A Noble Canine

  • conservativej...

    Posts: 2465

    Dec 18, 2013 3:38 PM GMT

    photo Orlando0_zps0d93398f.jpg

    NEW YORK —


    Gallant guide dog Orlando was just doing his duty.

    The black Lab bravely leapt on to the tracks at a Manhattan subway platform Tuesday after his blind owner lost consciousness and tumbled in front of an oncoming train.

    Cecil Williams, 61, and Orlando both escaped serious injury when the train passed over top of them — a miraculous end to a harrowing ordeal that began when Williams began to feel faint on his way to the dentist.

    "He tried to hold me up," the emotional Williams told The Associated Press from his hospital bed, his voice breaking at times.

    Witnesses said Orlando began barking frantically and tried to stop Williams from falling from the platform. Matthew Martin told the New York Post that Orlando jumped down and tried to rouse Williams even as a train approached.

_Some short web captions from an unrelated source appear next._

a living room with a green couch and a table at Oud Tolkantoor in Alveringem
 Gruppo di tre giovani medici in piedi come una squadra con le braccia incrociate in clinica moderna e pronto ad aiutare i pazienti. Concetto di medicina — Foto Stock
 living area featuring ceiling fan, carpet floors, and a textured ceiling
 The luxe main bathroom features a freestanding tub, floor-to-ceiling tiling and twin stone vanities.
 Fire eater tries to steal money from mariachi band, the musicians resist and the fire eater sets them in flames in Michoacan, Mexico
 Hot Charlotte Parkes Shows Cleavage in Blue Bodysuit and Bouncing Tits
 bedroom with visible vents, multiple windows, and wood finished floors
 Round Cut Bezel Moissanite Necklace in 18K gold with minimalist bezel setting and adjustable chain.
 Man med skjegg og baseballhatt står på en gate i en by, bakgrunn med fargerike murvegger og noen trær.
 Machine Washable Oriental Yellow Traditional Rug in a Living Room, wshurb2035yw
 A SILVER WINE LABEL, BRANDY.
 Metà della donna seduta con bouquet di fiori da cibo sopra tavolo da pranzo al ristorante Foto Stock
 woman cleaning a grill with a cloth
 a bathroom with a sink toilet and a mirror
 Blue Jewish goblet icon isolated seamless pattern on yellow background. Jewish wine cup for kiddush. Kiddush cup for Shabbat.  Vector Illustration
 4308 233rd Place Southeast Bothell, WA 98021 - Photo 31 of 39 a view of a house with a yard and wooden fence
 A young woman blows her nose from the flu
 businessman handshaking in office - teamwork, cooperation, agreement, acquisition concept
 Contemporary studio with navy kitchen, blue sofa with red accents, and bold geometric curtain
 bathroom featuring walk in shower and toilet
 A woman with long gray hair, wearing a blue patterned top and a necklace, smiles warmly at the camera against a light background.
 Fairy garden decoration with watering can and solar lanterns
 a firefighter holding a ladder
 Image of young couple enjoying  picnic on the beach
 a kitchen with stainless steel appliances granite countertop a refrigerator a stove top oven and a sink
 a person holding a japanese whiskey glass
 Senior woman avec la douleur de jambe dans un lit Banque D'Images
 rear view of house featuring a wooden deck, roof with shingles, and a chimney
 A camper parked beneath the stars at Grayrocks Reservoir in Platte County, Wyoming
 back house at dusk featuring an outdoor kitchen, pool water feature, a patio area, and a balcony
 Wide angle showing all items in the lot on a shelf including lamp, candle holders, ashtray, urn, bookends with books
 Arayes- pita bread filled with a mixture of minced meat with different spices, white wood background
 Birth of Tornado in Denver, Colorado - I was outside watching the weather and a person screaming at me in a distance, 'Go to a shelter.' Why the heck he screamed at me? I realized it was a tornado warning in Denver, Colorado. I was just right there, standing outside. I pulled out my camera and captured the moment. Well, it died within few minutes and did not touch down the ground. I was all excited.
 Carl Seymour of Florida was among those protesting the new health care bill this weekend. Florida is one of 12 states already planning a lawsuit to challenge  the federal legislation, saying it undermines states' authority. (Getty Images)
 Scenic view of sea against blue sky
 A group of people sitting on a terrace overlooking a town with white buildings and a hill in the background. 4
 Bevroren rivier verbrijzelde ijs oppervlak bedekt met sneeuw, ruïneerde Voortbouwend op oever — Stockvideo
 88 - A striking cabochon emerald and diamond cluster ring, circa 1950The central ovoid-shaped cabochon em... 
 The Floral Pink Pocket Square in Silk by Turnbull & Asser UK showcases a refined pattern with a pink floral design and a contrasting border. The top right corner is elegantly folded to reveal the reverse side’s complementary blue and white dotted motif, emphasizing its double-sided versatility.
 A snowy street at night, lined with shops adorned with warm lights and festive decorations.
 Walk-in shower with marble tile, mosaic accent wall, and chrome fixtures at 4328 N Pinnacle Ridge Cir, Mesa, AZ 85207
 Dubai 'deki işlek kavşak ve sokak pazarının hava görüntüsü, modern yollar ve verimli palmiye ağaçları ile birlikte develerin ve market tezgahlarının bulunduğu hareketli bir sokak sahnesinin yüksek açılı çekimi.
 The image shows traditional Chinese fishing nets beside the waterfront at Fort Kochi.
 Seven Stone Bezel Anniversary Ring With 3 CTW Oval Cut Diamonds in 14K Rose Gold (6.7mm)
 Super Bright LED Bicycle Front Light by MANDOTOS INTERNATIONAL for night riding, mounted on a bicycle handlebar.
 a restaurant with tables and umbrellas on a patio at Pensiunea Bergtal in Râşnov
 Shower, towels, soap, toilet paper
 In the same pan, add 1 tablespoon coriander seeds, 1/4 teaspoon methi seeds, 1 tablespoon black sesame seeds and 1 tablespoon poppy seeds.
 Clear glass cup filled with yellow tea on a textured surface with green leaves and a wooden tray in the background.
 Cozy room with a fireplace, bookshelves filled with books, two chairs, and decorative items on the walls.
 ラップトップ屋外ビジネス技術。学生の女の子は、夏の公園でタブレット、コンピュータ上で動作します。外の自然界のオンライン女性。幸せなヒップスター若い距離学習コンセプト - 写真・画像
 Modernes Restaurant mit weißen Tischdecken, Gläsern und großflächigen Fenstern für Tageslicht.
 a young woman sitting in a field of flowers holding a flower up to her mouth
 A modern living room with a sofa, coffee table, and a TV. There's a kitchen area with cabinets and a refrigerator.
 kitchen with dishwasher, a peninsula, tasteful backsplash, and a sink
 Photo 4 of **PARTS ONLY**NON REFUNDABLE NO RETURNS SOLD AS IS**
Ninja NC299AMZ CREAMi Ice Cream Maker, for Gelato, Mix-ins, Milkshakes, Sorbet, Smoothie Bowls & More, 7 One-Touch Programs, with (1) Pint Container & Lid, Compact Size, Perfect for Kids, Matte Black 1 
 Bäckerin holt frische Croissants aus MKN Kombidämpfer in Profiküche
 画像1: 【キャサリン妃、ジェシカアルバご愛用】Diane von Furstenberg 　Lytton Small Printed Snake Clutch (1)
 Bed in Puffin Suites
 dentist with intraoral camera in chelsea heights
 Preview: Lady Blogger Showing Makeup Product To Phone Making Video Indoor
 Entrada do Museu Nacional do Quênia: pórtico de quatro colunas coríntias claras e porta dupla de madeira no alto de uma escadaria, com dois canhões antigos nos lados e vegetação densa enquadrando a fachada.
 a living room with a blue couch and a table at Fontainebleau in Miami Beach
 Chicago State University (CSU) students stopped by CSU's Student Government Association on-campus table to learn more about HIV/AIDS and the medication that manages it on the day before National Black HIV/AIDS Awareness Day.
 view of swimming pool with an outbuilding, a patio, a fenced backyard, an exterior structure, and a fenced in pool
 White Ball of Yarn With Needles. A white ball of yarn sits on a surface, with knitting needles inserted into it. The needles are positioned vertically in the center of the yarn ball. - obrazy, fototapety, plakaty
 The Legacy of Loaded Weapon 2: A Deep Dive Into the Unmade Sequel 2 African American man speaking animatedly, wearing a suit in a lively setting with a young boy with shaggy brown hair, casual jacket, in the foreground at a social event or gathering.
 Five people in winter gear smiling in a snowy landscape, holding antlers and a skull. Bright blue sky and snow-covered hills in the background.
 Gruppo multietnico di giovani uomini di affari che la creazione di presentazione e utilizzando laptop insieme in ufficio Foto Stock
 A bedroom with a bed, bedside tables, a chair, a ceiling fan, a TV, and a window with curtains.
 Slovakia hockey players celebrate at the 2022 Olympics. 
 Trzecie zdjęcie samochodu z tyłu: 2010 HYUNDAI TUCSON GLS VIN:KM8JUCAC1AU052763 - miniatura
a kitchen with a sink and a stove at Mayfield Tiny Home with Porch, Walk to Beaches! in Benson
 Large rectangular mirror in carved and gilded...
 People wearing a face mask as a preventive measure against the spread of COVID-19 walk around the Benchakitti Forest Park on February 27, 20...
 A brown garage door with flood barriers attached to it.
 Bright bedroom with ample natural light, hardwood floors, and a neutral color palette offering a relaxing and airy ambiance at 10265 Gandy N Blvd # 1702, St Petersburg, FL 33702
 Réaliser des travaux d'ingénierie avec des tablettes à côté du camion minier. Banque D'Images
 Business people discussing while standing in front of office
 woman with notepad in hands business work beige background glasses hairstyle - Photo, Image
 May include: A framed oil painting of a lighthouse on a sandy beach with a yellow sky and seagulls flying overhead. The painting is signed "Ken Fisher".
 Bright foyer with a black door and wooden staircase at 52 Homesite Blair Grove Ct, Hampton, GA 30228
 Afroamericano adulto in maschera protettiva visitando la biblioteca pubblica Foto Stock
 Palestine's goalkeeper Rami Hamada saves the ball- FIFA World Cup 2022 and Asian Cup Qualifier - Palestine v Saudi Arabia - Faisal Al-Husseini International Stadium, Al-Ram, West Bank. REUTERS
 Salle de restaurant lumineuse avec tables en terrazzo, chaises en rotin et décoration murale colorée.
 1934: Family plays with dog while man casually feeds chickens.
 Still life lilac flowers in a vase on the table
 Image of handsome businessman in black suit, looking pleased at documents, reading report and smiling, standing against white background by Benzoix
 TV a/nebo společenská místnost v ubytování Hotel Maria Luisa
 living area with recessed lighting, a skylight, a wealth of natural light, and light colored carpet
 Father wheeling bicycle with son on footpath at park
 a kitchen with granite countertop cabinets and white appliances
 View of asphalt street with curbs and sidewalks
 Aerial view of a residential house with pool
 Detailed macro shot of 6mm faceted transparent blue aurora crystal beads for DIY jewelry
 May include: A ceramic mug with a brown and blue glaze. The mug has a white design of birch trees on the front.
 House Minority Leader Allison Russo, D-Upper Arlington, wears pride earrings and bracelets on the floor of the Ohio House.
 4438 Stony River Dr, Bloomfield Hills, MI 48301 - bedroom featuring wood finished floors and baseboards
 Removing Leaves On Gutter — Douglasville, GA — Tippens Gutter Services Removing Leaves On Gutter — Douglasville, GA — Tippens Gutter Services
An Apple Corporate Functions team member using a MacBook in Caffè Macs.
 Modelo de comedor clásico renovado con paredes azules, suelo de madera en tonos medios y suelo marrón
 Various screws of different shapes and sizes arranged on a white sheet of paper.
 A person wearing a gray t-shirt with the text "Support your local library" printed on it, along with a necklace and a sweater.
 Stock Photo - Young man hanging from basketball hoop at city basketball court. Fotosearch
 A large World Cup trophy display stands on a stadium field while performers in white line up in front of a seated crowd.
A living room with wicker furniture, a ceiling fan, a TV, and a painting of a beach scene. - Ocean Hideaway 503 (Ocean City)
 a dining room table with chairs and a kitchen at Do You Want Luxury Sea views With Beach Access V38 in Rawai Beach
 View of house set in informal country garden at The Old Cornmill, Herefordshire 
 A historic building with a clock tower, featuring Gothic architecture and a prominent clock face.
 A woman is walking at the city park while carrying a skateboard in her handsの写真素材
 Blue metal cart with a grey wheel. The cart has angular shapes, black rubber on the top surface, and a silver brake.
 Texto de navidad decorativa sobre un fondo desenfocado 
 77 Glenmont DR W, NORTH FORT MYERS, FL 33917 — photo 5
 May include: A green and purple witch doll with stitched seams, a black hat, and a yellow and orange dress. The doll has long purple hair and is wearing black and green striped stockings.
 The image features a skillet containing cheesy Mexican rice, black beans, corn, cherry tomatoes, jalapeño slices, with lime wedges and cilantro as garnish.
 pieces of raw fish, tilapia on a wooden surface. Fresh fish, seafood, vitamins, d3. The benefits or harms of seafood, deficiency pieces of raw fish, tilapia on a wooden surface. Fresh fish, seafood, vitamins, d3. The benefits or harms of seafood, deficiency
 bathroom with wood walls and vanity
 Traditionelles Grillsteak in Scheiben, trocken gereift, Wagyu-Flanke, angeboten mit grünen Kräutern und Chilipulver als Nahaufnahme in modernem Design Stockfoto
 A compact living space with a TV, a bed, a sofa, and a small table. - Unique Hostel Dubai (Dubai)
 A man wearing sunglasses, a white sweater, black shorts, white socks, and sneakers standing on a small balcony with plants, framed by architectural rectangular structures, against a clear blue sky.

    "He was kissing him, trying to get him to move," Martin said.

    Witnesses called for help and the train's motorman slowed his approach as Williams and Orlando lie in the trench between the rails.

    "The dog saved my life," Williams said.

    As Williams regained consciousness, he said he heard someone telling him to be still. Emergency workers put him on a stretcher and pulled him from the subway, and made sure Orlando was not badly injured.

    "I'm feeling amazed," Williams said. "I feel that God, the powers that be, have something in store for me. They didn't take me away this time. I'm here for a reason."

    Williams was taken to a hospital where he is expected to recover, with Orlando at his bedside. Williams, a large bandage on his head, said he is not sure why he lost consciousness, but he is on insulin and other medications.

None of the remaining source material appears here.